Suguru waves at her cheerily, his greasy hair tied back in a bun, his clothes wrinkled. He's lost the Jujutsu High uniform (she'd heard they'd found his button, the swirl of the School's crest, abandoned at the scene of the crime in a pool of blood, it's all so very dramatic) but he retains an all-black ensemble that could convince her he's just off duty, on vacation, not a mass murderer on the run.
"Hey," he grins.
"Yo, if it isn't the criminal." Shouko isn't scared. It's as natural as Suguru coming back from a mission, and Yuna has granted him a day off for his hard work. They're grabbing a quick smoke while they wait for Satoru since Satoru's always late and can't stand the smell anyway. "You need something from me?"

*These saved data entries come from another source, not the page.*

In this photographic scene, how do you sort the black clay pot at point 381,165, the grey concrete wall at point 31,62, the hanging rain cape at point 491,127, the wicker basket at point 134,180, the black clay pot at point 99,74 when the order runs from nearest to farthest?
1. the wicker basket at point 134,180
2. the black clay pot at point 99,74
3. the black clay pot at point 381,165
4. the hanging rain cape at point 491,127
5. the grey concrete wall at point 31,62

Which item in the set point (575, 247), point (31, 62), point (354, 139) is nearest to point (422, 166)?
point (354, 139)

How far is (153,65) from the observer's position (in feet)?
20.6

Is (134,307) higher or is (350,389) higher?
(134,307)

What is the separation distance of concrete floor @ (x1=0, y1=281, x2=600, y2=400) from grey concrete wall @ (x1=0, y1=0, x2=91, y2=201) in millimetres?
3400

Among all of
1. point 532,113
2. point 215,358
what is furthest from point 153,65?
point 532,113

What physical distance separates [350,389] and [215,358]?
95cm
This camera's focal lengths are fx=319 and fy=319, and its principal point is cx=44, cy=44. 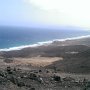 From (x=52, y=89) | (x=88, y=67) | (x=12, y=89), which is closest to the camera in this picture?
(x=12, y=89)

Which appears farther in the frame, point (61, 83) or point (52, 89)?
point (61, 83)

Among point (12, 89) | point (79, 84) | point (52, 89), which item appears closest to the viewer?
point (12, 89)

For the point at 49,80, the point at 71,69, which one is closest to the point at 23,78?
the point at 49,80

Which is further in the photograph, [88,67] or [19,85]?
[88,67]

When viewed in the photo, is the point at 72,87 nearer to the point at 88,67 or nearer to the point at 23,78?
the point at 23,78

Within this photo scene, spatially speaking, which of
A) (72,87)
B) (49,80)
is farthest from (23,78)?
(72,87)

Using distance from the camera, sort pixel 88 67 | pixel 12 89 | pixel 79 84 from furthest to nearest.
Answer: pixel 88 67, pixel 79 84, pixel 12 89

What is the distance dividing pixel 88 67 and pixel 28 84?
16.1m

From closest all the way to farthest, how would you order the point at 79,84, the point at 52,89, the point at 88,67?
the point at 52,89 → the point at 79,84 → the point at 88,67

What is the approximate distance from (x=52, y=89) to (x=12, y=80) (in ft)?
10.2

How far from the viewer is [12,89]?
72.3 ft

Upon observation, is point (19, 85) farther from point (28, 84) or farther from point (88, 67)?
point (88, 67)

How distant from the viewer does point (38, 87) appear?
77.8ft

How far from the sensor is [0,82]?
75.8 ft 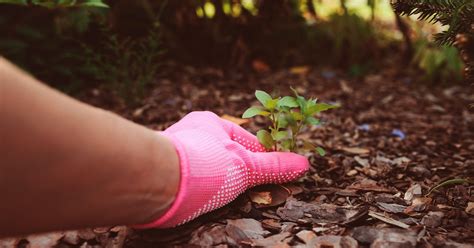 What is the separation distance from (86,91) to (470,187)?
180 centimetres

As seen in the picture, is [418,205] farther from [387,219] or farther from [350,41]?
[350,41]

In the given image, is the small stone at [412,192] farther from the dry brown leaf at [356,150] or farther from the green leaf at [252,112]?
the green leaf at [252,112]

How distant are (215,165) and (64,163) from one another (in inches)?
17.6

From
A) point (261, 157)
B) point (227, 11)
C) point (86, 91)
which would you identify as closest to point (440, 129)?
point (261, 157)

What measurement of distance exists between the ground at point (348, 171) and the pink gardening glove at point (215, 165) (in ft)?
0.19

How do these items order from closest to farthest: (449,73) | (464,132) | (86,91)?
(464,132), (86,91), (449,73)

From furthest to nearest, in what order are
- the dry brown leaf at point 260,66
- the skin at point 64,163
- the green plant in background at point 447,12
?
the dry brown leaf at point 260,66 < the green plant in background at point 447,12 < the skin at point 64,163

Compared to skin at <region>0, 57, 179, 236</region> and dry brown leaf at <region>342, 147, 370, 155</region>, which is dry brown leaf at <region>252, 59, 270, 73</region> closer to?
dry brown leaf at <region>342, 147, 370, 155</region>

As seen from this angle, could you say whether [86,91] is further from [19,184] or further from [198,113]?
[19,184]

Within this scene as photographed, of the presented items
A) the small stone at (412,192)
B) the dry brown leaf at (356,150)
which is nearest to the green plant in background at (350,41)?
the dry brown leaf at (356,150)

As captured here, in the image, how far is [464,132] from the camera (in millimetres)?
1966

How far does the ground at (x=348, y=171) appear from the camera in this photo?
3.92 ft

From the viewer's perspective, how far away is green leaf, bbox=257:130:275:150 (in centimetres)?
140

"Hey, I'm the one offering the lighter."
He clicks the silver lighter open and Shouko dips her cigarette into the flame, taking a deep breath in and letting it out slowly. She offers one to Suguru, but he shakes his head, his bangs swinging with the movement.
"I guess I'm testing my luck a bit," he admits.
"Mm? I guess that means I have to ask to make sure. Were they false charges?"
Suguru shrugs. "Nah, unfortunately not."
His tone is light, casual, like they're talking about how to convince Satoru that no, they don't want to watch another action movie, maybe they can watch something with fifty-percent more dialogue and a hundred-percent more substance. Nothing suggests Suguru had just murdered over a hundred people a week ago, his own parents included.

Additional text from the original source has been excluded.